**WORK REQUEST**
Given the material below, return only the lines starting at the line with "LACOSTE MEN'S PULLOVER AH3225 031" and ending at the line with "Honda CR-V 2.0 Executive 2022", exactly as they appear.

**RECORD EXTRACTS**
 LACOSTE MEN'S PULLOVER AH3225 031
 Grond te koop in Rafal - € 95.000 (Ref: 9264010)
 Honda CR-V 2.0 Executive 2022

* * *

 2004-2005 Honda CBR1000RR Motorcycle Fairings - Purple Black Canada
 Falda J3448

**COMPLETED TASK**
 LACOSTE MEN'S PULLOVER AH3225 031
 Grond te koop in Rafal - € 95.000 (Ref: 9264010)
 Honda CR-V 2.0 Executive 2022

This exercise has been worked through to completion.